En el año 1973, Ariel Sharon le explicaba a Churchill que la ocupación de Gaza y Cisjordania tendría como resultado colocar a los palestinos entre un sándwich, y agobiarlos, lo que provocaría su salida. Desde 1967, cientos de judíos fueron trasladados a los territorios conquistados en la Guerra de los Seis Días, porque los dueños de su destino, los gobernantes, consideraron que ésa era la mejor táctica para Israel. Y allí cultivaron las tierras, levantaron sus casas y ocuparon las que existían, vieron nacer y crecer a sus hijos... Han pasado treinta y cinco años. Algunos de esos hijos han crecido y han formado nuevas familias, y en ésas, los dueños de su destino les ordenan que dejen sus casas, que abandonen el paisaje en el que vieron crecer a sus hijos y a sus nietos. Y que se marchen.

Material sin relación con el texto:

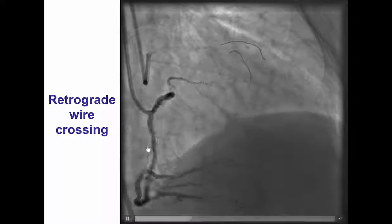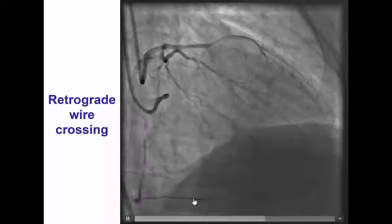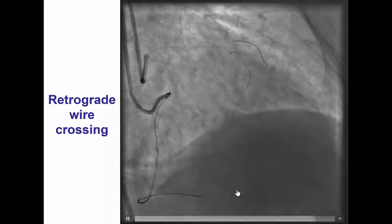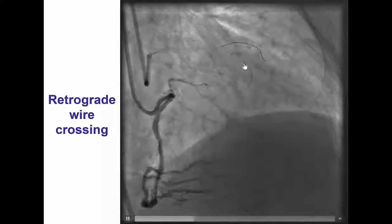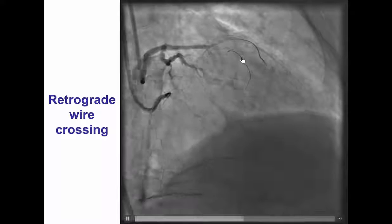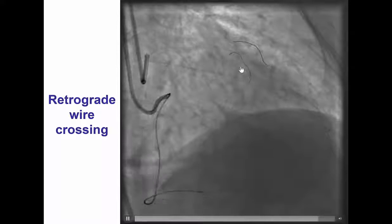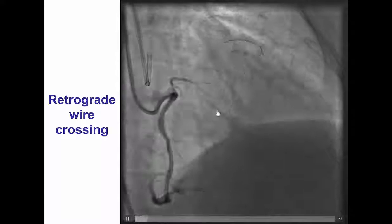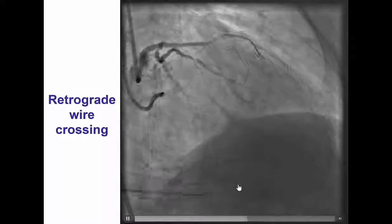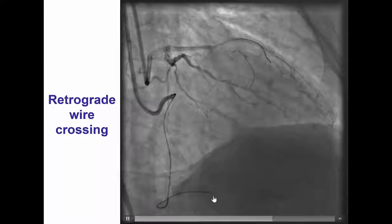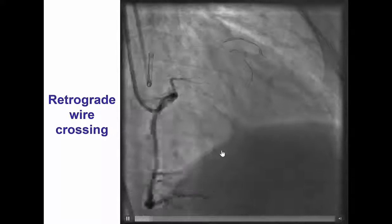We inserted a Corsair microcatheter to the PDA and then were able with the Fielder FC guide wire to advance all the way back to the mid-LAD, as shown by the injection of the right coronary artery. However, we then had the challenge that the retrograde Corsair would not advance past the distal part of the collateral.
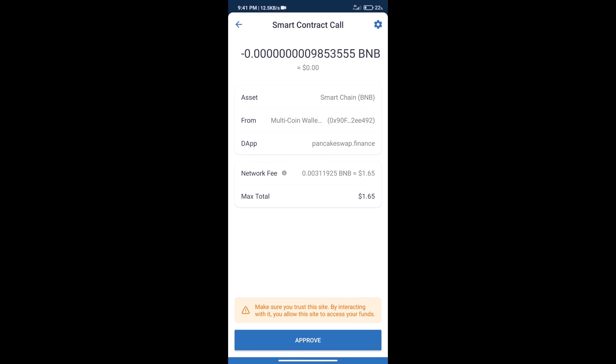So guys, I have only shared the technical process, not financial advice. Invest in cryptocurrency at your own risk. Thanks for watching.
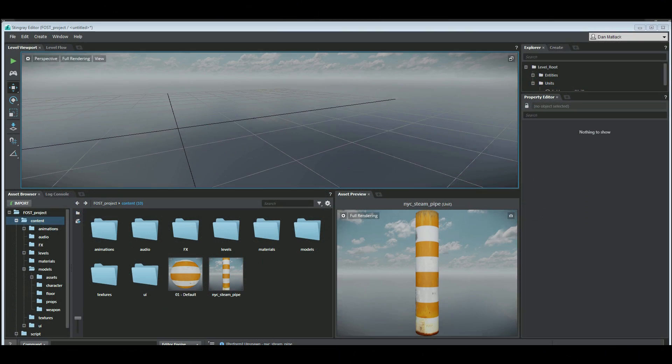Hello, so for this tutorial, we're going to cover how to add a steam pipe into a level and create a quick steam particle that looks pretty cool coming out of the top of it.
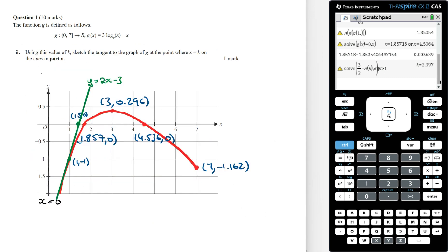Using this value of k, sketch the tangent to the graph of g at the point where x equals k on the axis in part a. The value of k is 2.397, which is where the tangent to g of x is drawn. Since x₁ equals 3/2, the x-intercept of this tangent line is at x equals 3/2. We now have two points on the line and can sketch this tangent line passing through these two points.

Stalin lo hizo a lo grande: millones de rusos fueron trasladados de un lugar a otro del inmenso territorio. Decenas, puede que decenas de miles de ellos no sintieron la larga tristeza del desarraigo, porque murieron en las penosas condiciones del traslado.

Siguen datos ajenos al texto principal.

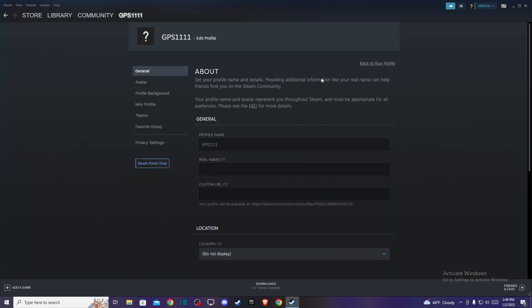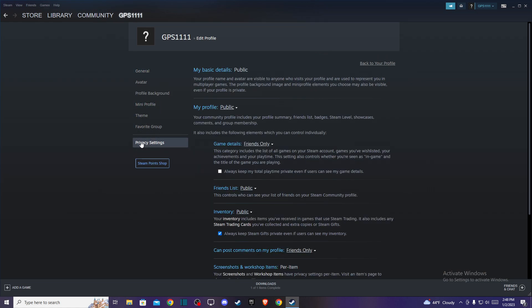Press on that and then again you will be on another window. Then here press on privacy settings and here the third option.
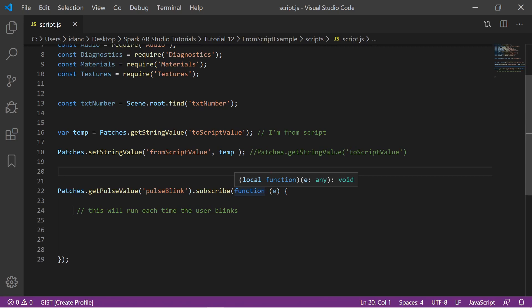This is a simple example. I might do different examples later with something more useful for filters, but this is the core concept. Watch this video and try to understand how we exchange values between the script and the patch editor, because we're going to use it a lot in future videos. The goal is to combine what's easy to do in the patch editor with code, using both efficiently. Don't forget to subscribe — I'll see you in the next video, bye everyone.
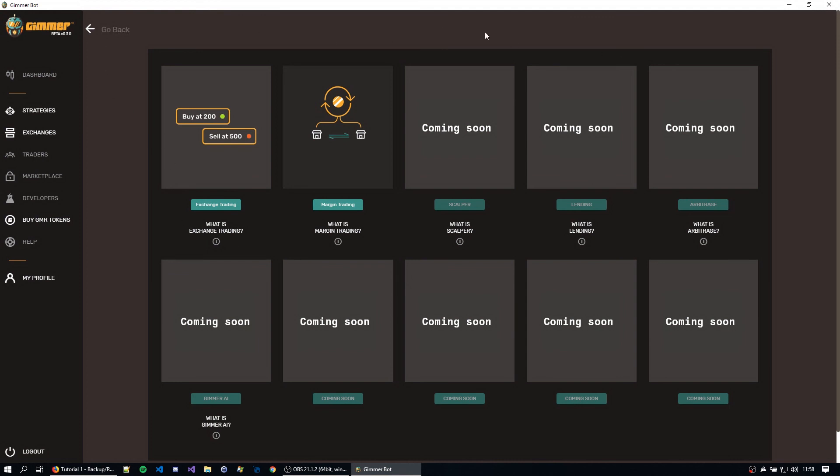So your account should be imported and we should be at the dashboard again. So this is Gimer. So this is it for the general account management on Gimer. Thanks for watching and I'll see you in the next video.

Cuando el dueño de una fábrica se equivoca en la manufactura de una partida de tornillos, los tornillos se desechan. Cuando el dueño de nuestro destino -aunque sean dueños elegidos democráticamente por nosotros- yerran en sus decisiones, nos complican la vida, en el mejor de los casos, o nos la desgarran, en el peor.

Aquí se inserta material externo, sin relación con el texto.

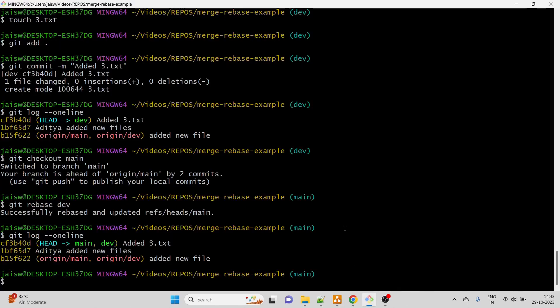This is the main difference you should know. In git merge, all new commits from the feature branch are added to the main branch, plus one extra commit denoting that a merge took place. In git rebase, only the original new commits are added - no extra commit. This is how you should explain it in interviews, as this is one of the most asked questions. Thanks for watching and have a nice day.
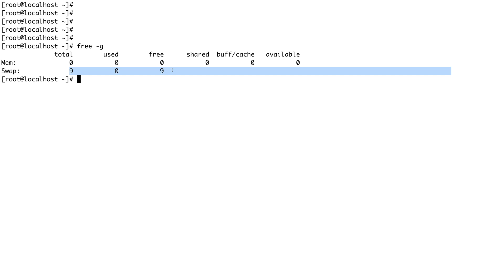This is also temporary — once you reboot your system this mount will go away. To permanently mount your swap, you would use the same approach as in the last video: use the fstab file. Take this as an exercise for yourself — permanently mount this swap using fstab.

Si la guerra es demasiado importante para dejarla en manos de los militares, la administración de la paz es tan significativa y trascendental que no se puede dejar sólo en manos de los políticos. Sus decisiones nos afectan tanto que es necesario, aunque no queramos meternos en política, vigilar a los políticos. Puesto que está demostrado que por cálculos erróneos o por intereses espurios, o por egoísmos partidistas, pueden tomar decisiones que trastoquen nuestros afanes, nuestras ilusiones y aspiraciones, hasta el punto de que nos frustren nuestros proyectos de vida.